The term asbestos is a generic designation referring usually to six types of naturally occurring mineral fibers that are or have been commercially exploited. These fibers belong to two mineral groups: serpentines and amphiboles. The serpentine group contains a single asbestiform variety: chrysotile; five asbestiform varieties of amphiboles are known: anthophyllite asbestos, grunerite asbestos (amosite), riebeckite asbestos (crocidolite), tremolite asbestos, and actinolite asbestos. These fibrous minerals share several properties which qualify them as asbestiform fibers: they are found in bundles of fibers which can be easily separated from the host matrix or cleaved into thinner fibers; the fibers exhibit high tensile strengths, they show high length: diameter (aspect) ratios, from a minimum of 20 up to greater than 1000; they are sufficiently flexible to be spun; and macroscopically, they resemble organic fibers such as cellulose. Since asbestos fibers are all silicates, they exhibit several other common properties, such as incombustibility, thermal stability, resistance to biodegradation, chemical inertia toward most chemicals, and low electrical conductivity.
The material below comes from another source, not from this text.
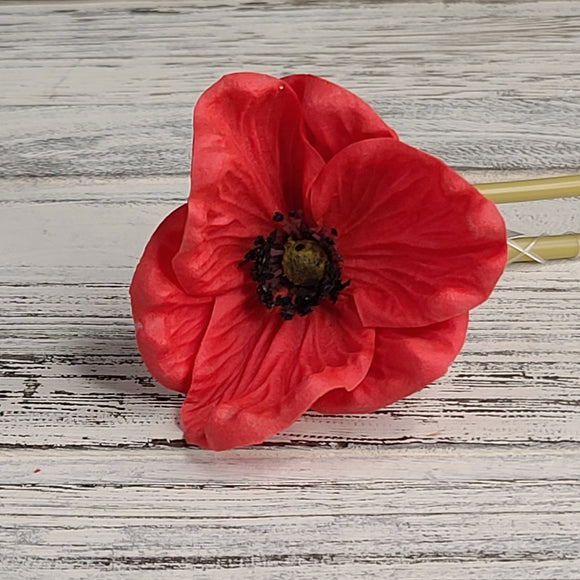 Artificial Red Poppy Flower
The term asbestos has traditionally been attributed only to those varieties that are commercially exploited. The industrial applications of asbestos fibers have now shifted almost exclusively to chrysotile. Two types of amphiboles, commonly designated as amosite and crocidolite are no longer mined. The other three amphibole varieties, anthophyllite asbestos, actinolite asbestos, and tremolite asbestos, have no significant industrial applications presently.
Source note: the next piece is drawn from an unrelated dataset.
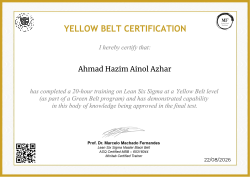 YELLOW BELT CERTIFICATION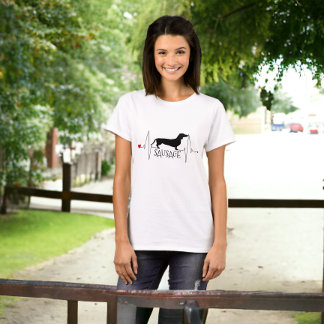 T-shirt Personnalisé Dachshund Aimer Mon Coeur Chien Beat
The microscopic and macroscopic properties of asbestos fibers stem from their intrinsic, and sometimes unique, crystalline features. As with all silicate minerals, the basic building blocks of asbestos fibers are the silicate tetrahedra which may occur as double chains (Si4O11)-6, as in the amphiboles, or in sheets (Si4O10)-4, as in chrysotile. In the case of chrysotile, an octahedral brucite layer having the formula (Mg6O4 (OH)8)-4 is intercalated between each silicate tetrahedra sheet. Asbestos fibers used in most industrial applications consist of aggregates of smaller units (fibrils). This is most evident with chrysotile that exhibits an inherent, well-defined unit fiber.
The identification of asbestos fibers can be performed through morphological examination, together with specific analytical methods to obtain the mineral composition and/or structure. Morphological characterization in itself usually does not constitute a reliable identification criterion. Hence, microscopic examination methods and other analytical approaches are usually combined.
Most of the asbestos mining operations are of the open pit type, using bench drilling techniques. The fiber extraction (milling) process must be chosen so as to optimize recovery of the fibers in the ore, while minimizing reduction of fiber length. Dry milling operations are the most widely used. In the production, or industrial applications, of asbestos fibers, several parameters are considered critically important. The measurement of fiber length is important since the length determines the product category in which the fibers will be used and, to a large extent, their commercial value. The most widely accepted method for chrysotile fiber length characterization in the industry is the Quebec Standard test. A second industrially important fiber-length evaluation technique is the Bauer-McNett classification.